The trademark can be revoked if, through the activity or inactivity of the rights holder, the mark has become the common name in the trade for the product or service for which it is registered.
Finally, a mark can be revoked if its use by the rights holder or with its consent in respect of the goods or services for which is registered is liable to mislead the public as to the nature, quality or geographical origin of those goods or services.
A request for revocation may be filed by any party, but it must be justified and supported by evidence. It cannot be filed earlier than five years after the registration date.

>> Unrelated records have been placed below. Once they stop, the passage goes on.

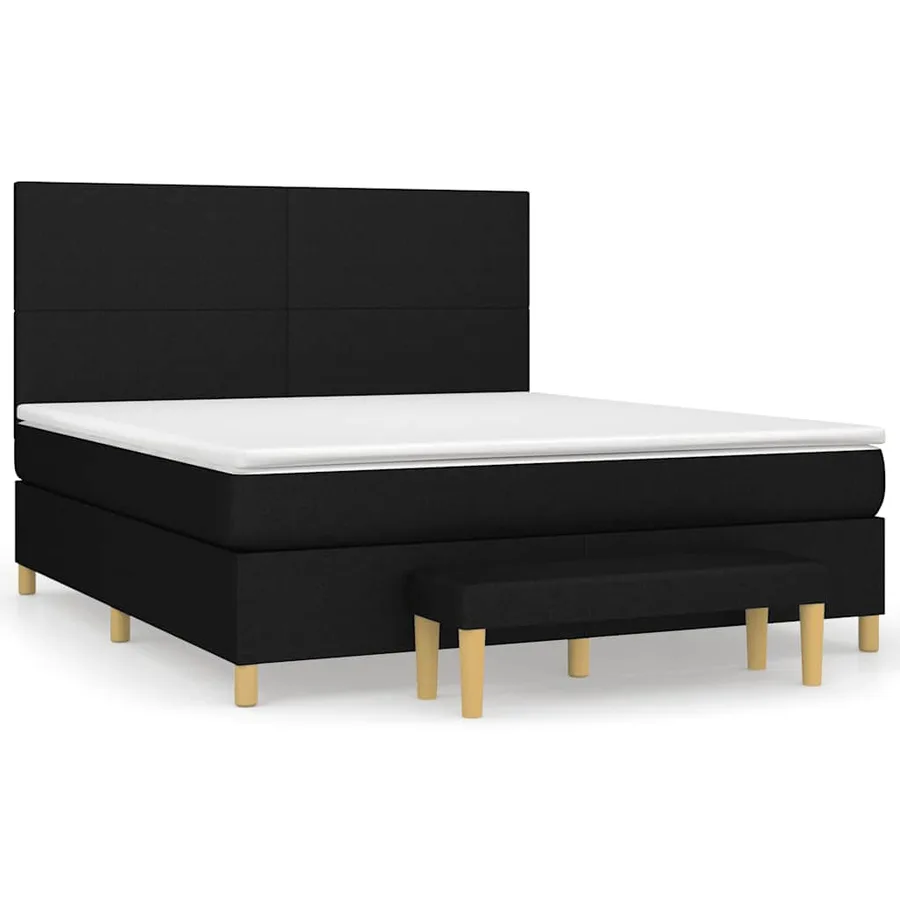 Sommier à lattes de lit avec matelas Noir 160x200 cm Tissu - 2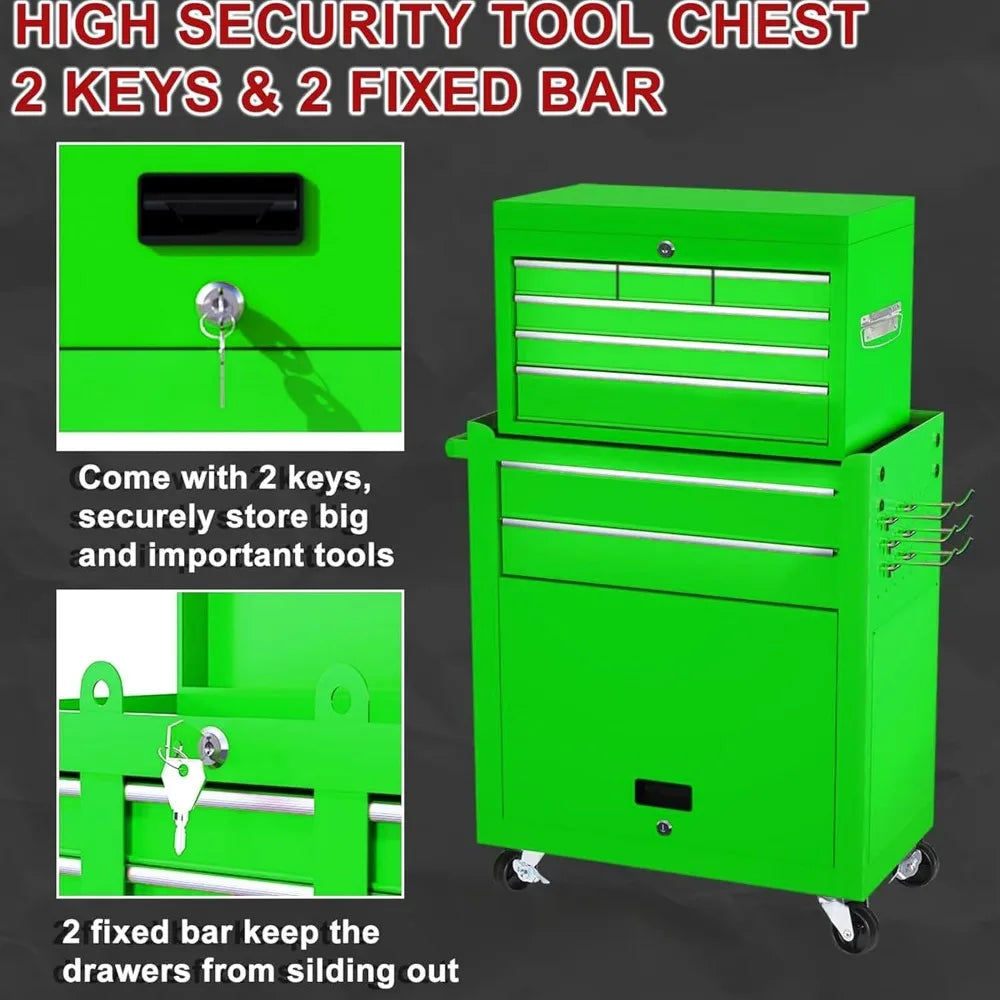 Tool Chest, 8-Drawer Rolling Tool Storage Cabinet with Wheels, Detachable Top Tool Box, and Locking Mechanism,, Customized
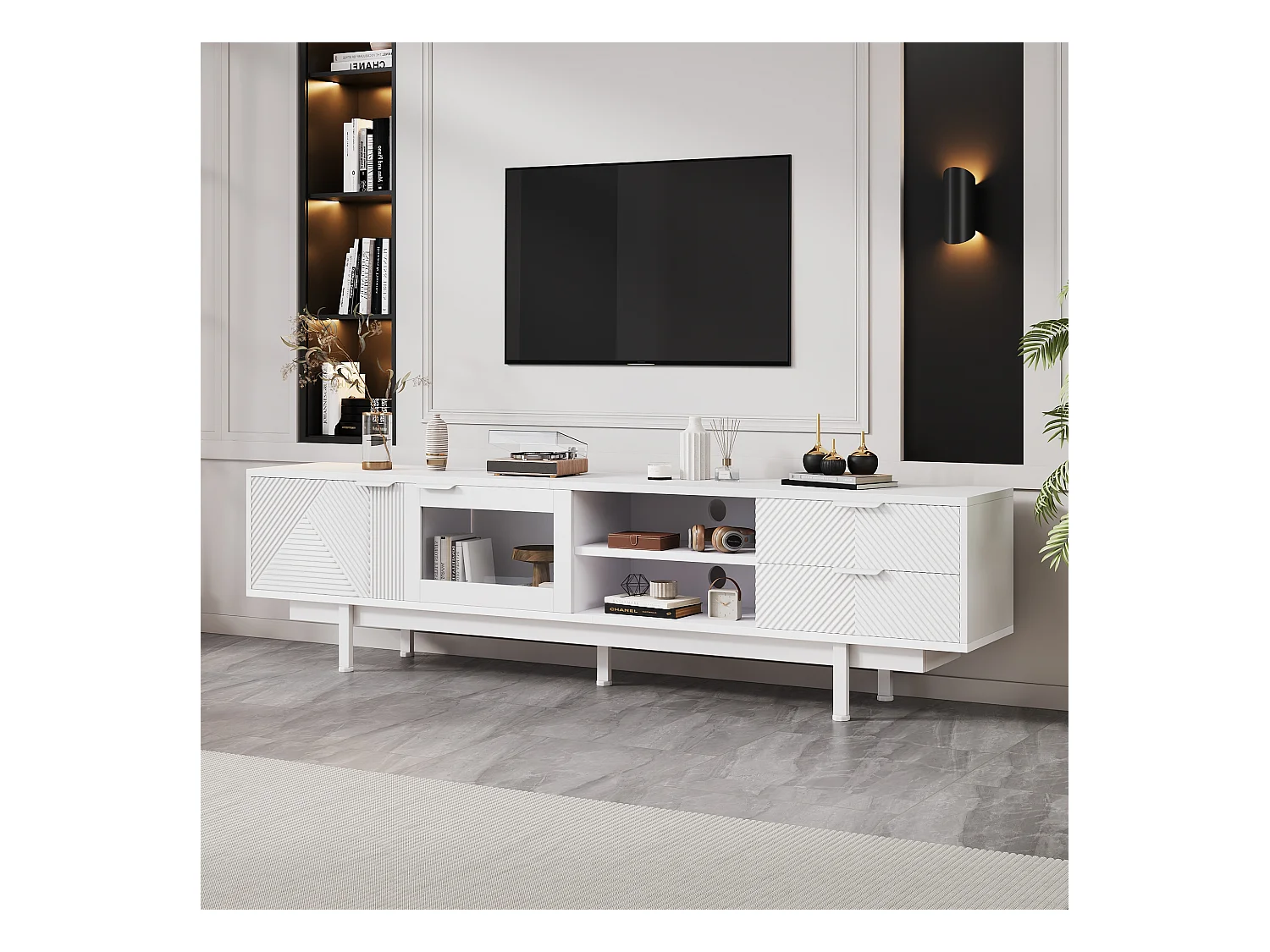 Mueble TV bajo, 200 cm de largo, con 2 puertas, 2 cajones, para comedor, salón, Blanco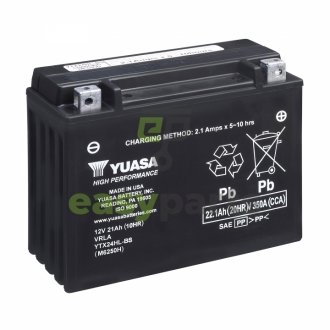 МОТО 12V 22,1 Ah High Performance MF VRLA Battery (сухозаряженій) YUASA YTX24HL-BS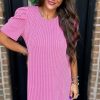 Women's Bright Pink Corded Knit Crew Neck Puff Sleeve Shift Mini Dress - Image 7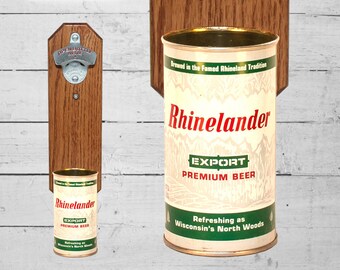 Rhinelander Wall Mounted Bottle Opener with Vintage Beer Can Cap Catcher - Groomsmen Gift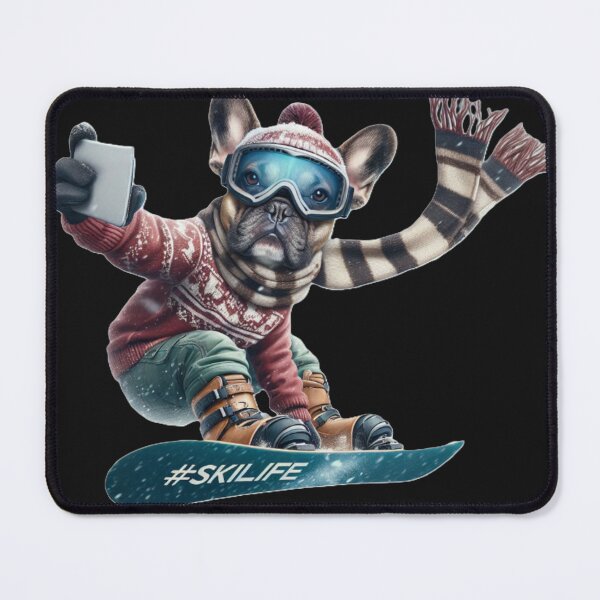 Item preview, Snowboarding French Bulldog Social Media Star Taking Selfie designed and sold by TheDogOnIt.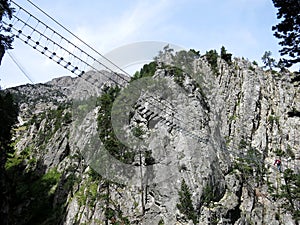 The Tibetan Bridge (Ponte Tibetano Cesana Claviere) in Claviere, ITALY. The longest Tibetan bridge in the world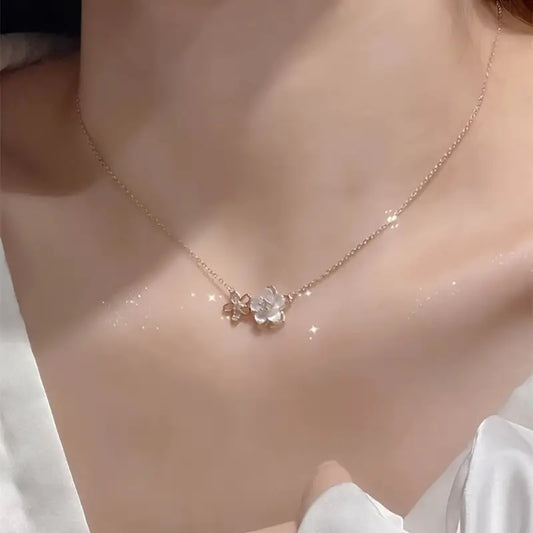 Cherry Blossom Necklace - Unique &amp; Stylish Collarbone Chain Accessory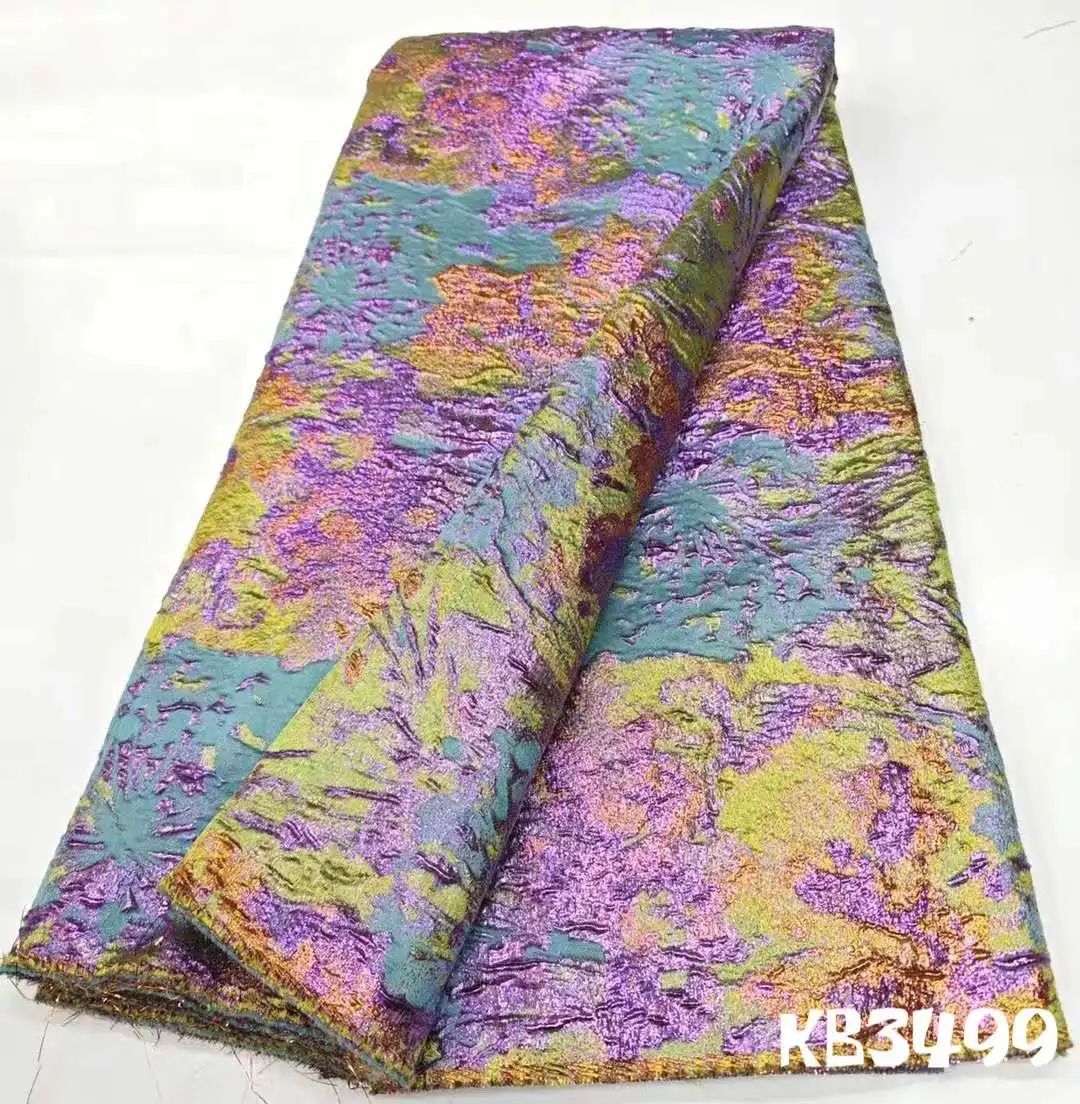 

African Lace Fabric 2024 High Quality Colorful Brocade Fabrics Tulle Lace Fabric Green Brocade Jacquard For Wedding Party Dress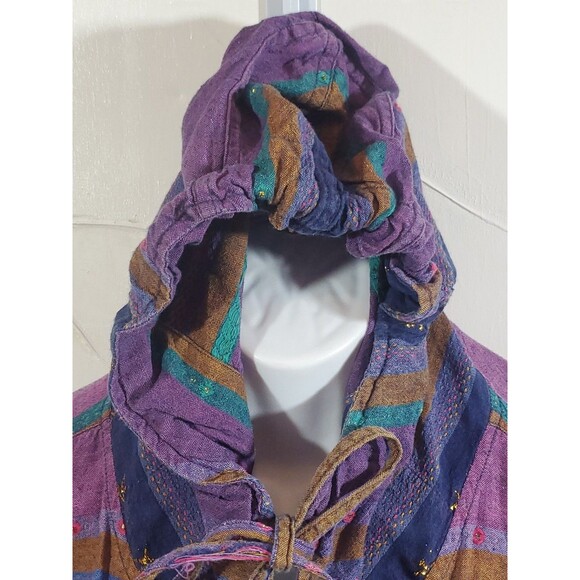 Vintage Angelique Free Size Hippie Boho Drawstring V-Neck Striped Pullover Top - Picture 3 of 11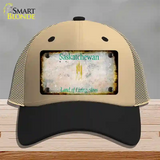 Saskatchewan Rusty Blank Novelty License Plate Hat Mesh / Khaki|Black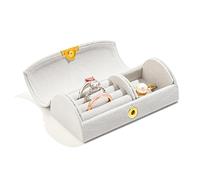 Veki Reise Schmuckkästchen Klein Damen, Schmuckaufbewahrung Schmucktasch Reisen, Schmuckschatulle Schmuckkasten für Frauen und Mädchen, Tragbar Schmuckbox Samt für Ringe, Ohrringe, Halskette (Grau)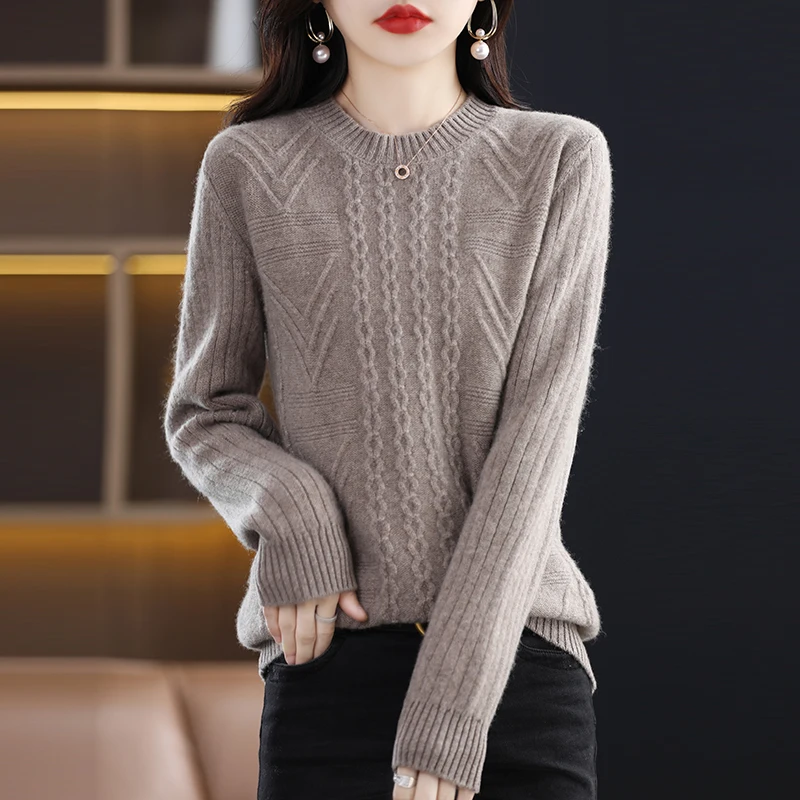 

2022 New Autumn Winter Sweater Women Knitted Fashion Loose Casual Thick Sweaters Solid Color Long Sleeve Ladies Sweater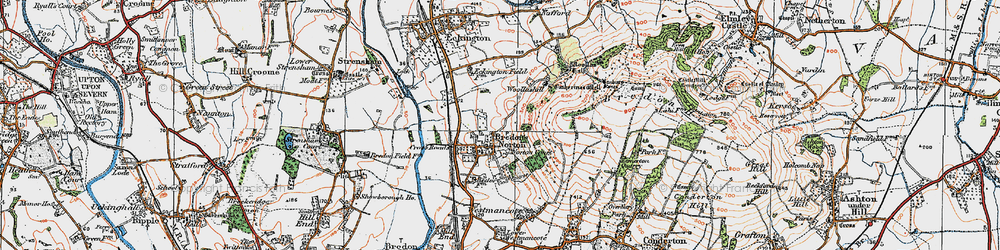Old map of Bredon's Norton in 1919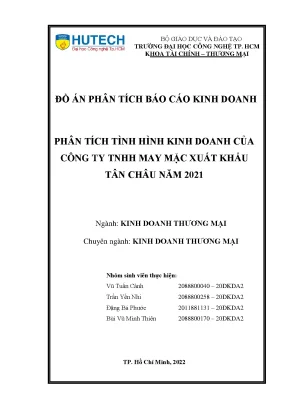 Phân tích tình hình kinh doanh của công ty tnhh may mặc xuất khẩu tân châu năm 2021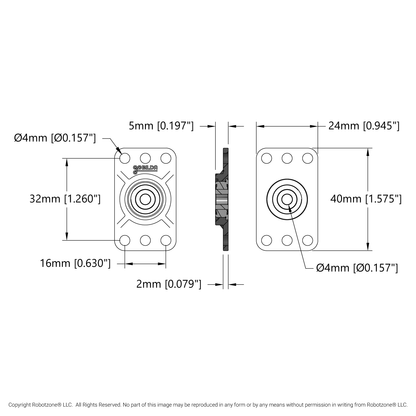 4mm Bore Flat Pillow Block (16mm x 32mm Mounting Pattern) - 2 Pack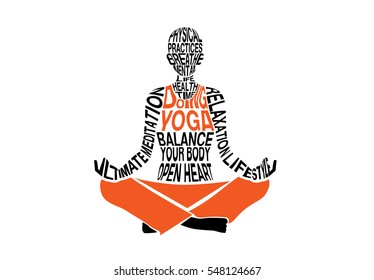 Woman doing Yoga in sitting posture. Illustration in typography style.
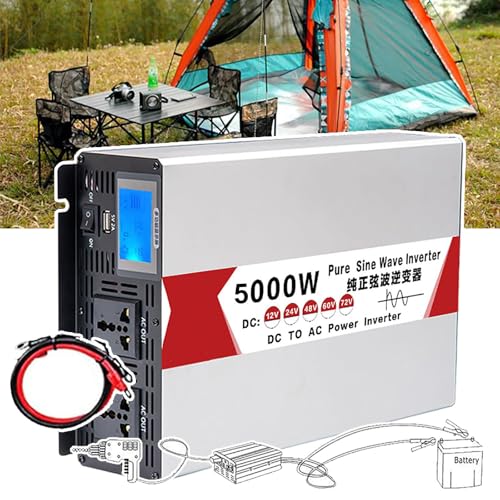 DHsdlpLU Wechselrichter, Doppelsteckdose Und USB-Wechselrichter Mit Reiner Sinuswelle, 12V 24V 48V 60V Gleichstrom Auf 220V Wechselstrom, Reine Sinuswelle,5000W-12V DHsdlpLU Wechselrichter, Doppelsteckdose Und USB-Wechselrichter Mit Reiner Sinuswelle, 12V 24V 48V 60V Gleichstrom Auf 220V Wechselstrom, Reine Sinuswelle,5000W-12V von DHsdlpLU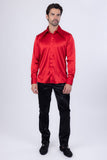Barabas Wholesale Men's Spear Point Collar Shiny Long Sleeve Shirt 4B102 Red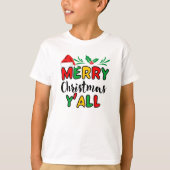 Vrolijk kerstfeest Y'all T-Shirt (Voorkant)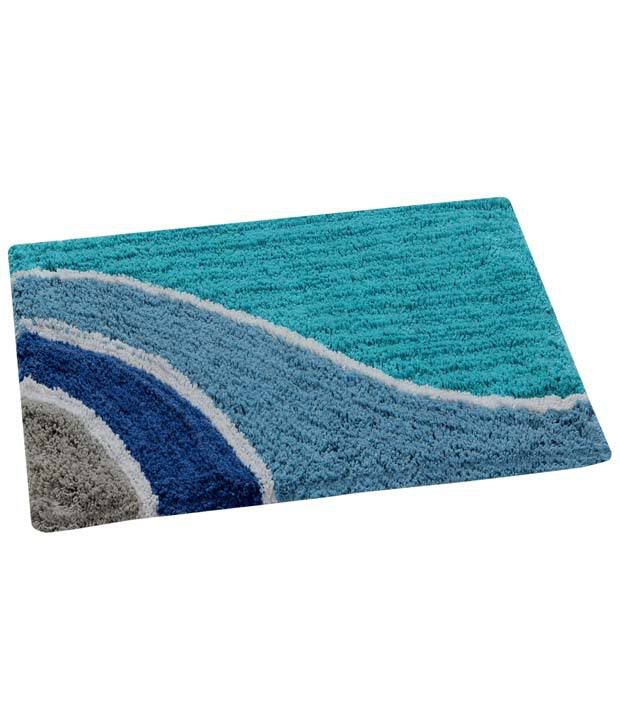     			Aazeem Blue Cotton Abstract Floor Mat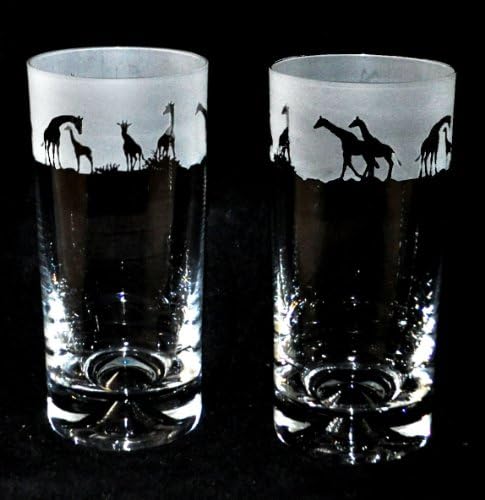 GIRAFFE Tall Tumbler Highball Glasses (Boxed Pair) *ANIMAL SAFARI GIFT*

If a court declares the use of a trademark to be an act of unfair competition, the CIPO shall revoke the mark, provided that a request for revocation is filed within six months of the date of the court decision. This period cannot be extended and non-observance cannot be remedied.
If grounds for revocation exist only in respect of some of the goods or services for which the trademark is registered, the CIPO shall revoke the mark in respect of only those goods or services.
If a trademark has been registered in breach of Section 4 or 6 of the act, an invalidity procedure can be started at the request of a third party or at the initiative of the CIPO. A trademark shall not be declared invalid if it has acquired distinctiveness through use for the goods or services for which it is registered after registration.
If a trademark is declared invalid, it shall be deemed never to have been registered. A trademark may be declared invalid even after the rights holder has surrendered it or after the registration has lapsed. Further, a trademark can be declared invalid for all or part of the goods or services for which it was registered.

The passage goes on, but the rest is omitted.